How to look at the coarse highways

General idea

We don't have a good concept of what is wheat and what is chaff yet. Therefore we want to look at the representations, sift through some examples to get a general idea. This is the domain of exploratory data analysis, or dynamic visualisation.

What was exported and why

The script does not exactly compute the angle and the length of the sides of each node triple. Instead, it computes the cosine of the angle and the product of the lengths. I decided to do this because I wanted the information on coarseness represented by two variables, and the sign of the angle (+12° or -12°) does not matter. To have the information concentrated in two variables allows me to scatterplot it. A scatterplot is capable of presenting a lot of visual information to the observer.

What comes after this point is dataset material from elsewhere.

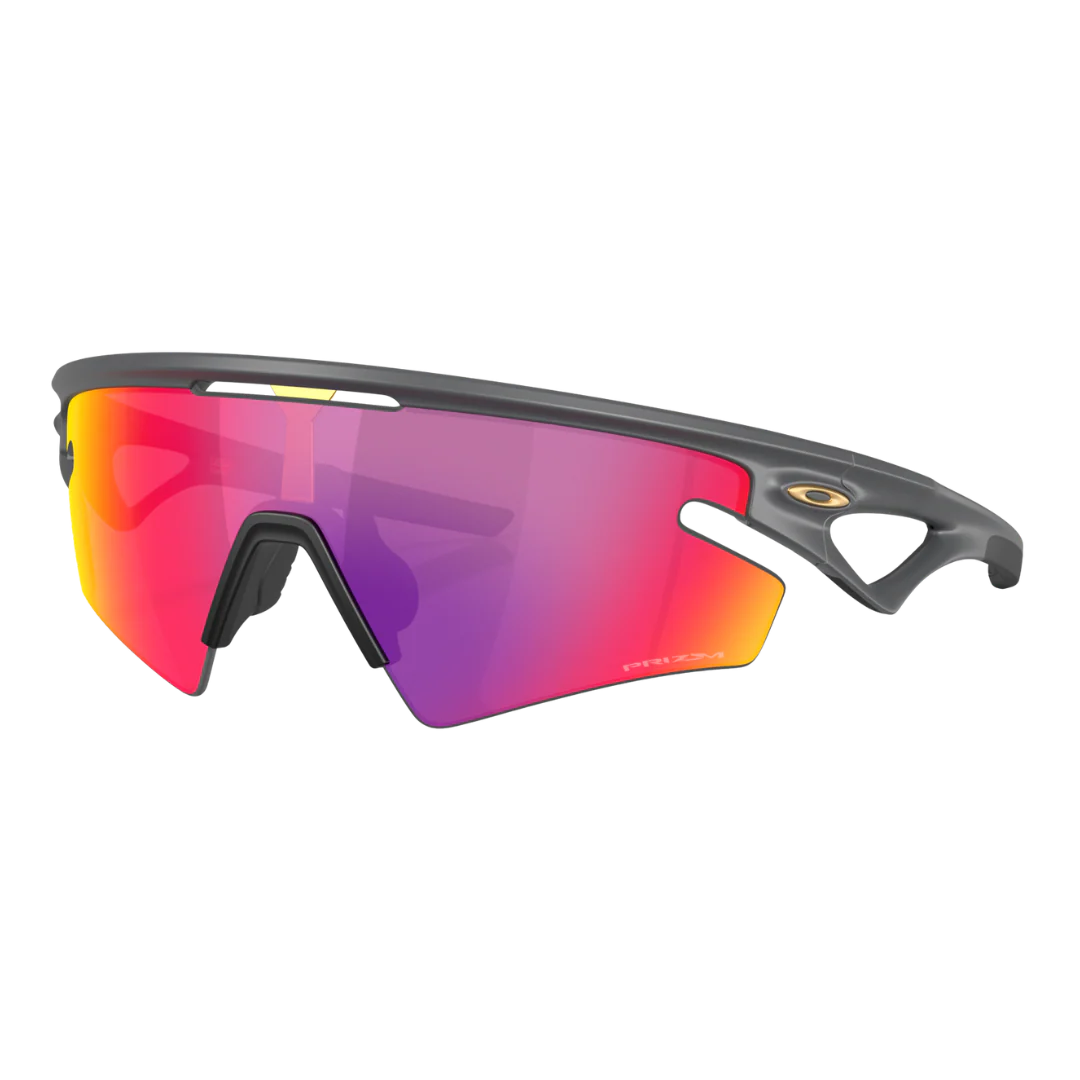 Oakley - Sphaera Slash - Matte Carbon (Prizm Road) - Image 2
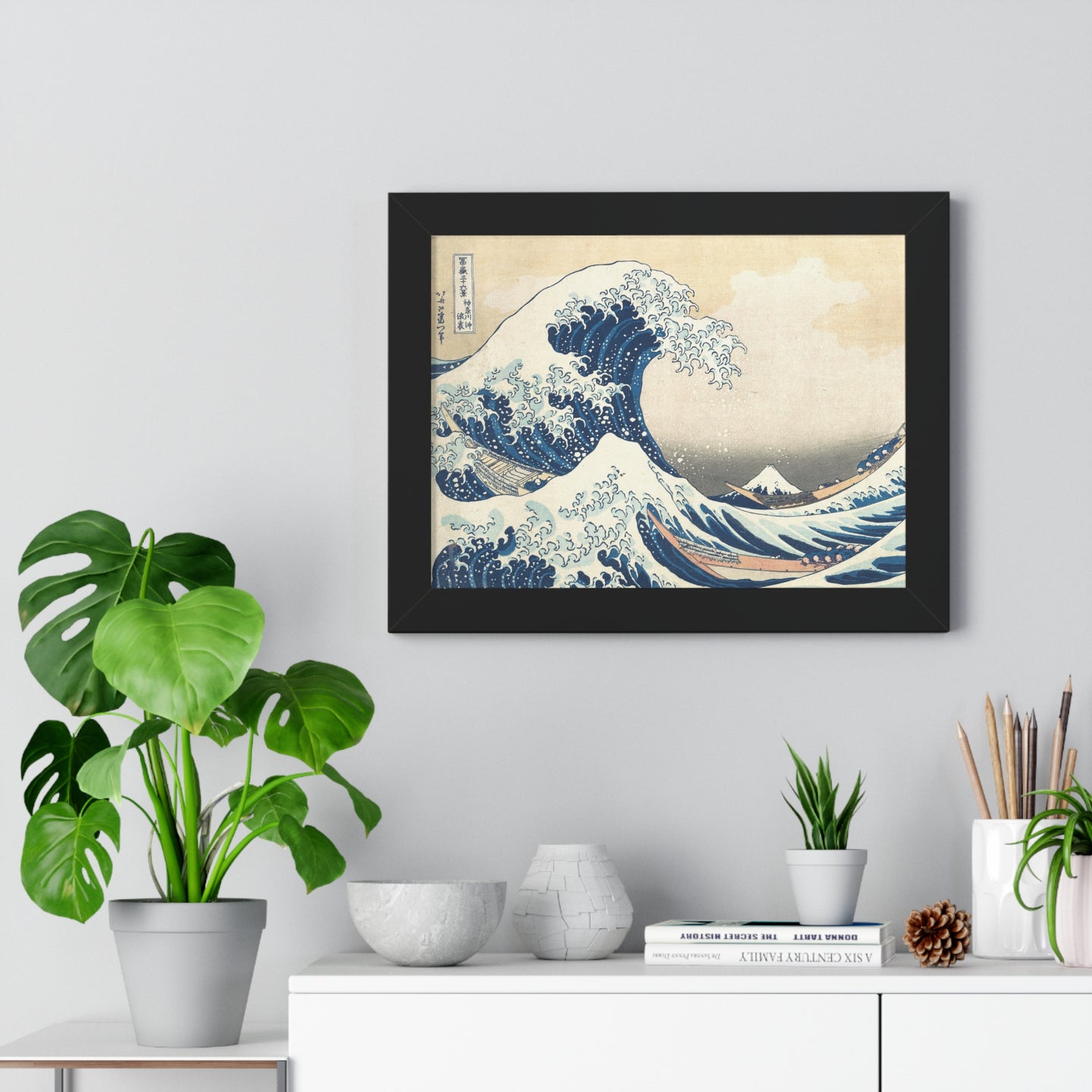 Tsunami - Katsushika Hokusai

Starting the recommended program for exploratory data analysis

I downloaded Mondrian by Martin Theus, a program which is designed for visually analysing large data sets. It seems to be written as a refutation of the prejudice that Java programs have to be slow. The program is simply a *.jar file which can be started by something like java -jar path/to/Mondrian.jar. The program expects the statistical software package R running with the library Rserve. If it doesn't, well, Mondrian will cough a bit and take a bit longer to start. Don't worry about the warnings issued. Then, load the data by using File->Open.

Exploring the data

Firstly, we see that the data type of the IDs has mistakenly be assumed to be numeric, while we'd rather see it being a categorical variable. To change this, highlight the respective variable name and select Options->Switch variable mode. You needn't do that for the nodeID as it takes considerable time to update the mode (did I mention that Mondrian is fast? Wait and see) but it makes a lot of sense to do that for the wayID.

Then, we want to scatterplot the nodes by angle and lengths. Highlight the angle and lengths variables and select Plot->Scatterplot. The well-behaving node triples now sit in the bottom right corner. To get an idea of the concentration of nodes you can press <Left> repeatedly in order to decrease the alpha channel of the dots, but you should then really press <Right> to increase it as we want to single out the offending node triples.

Along the bottom, the sharp angles are seen towards the left. As the cosine has a low gradient for small angles, even small deviations from the right side are to be regarded. Along the right side you see triples with longer sides. In my example, the top node is placed at 11.2 km^2, which means a node where both adjacent edges have an average length of more than three kilometers (Ouch!).

In order to get an idea of where the nodes are on the map, a scatterplot of longitude vs latitude might be a good idea. So we select Plot->Scatterplot on the variables lat and lon. The reulting plot does not resemble Mecklenburg-Vorpommern very well, though. So we have to right-click the plot (or do the equivalent with a one-buttoned mouse) and select "fixed aspect ratio" and "flip axes". Now we can select offending points on the QC scatterplot and see where they roughly are on the map.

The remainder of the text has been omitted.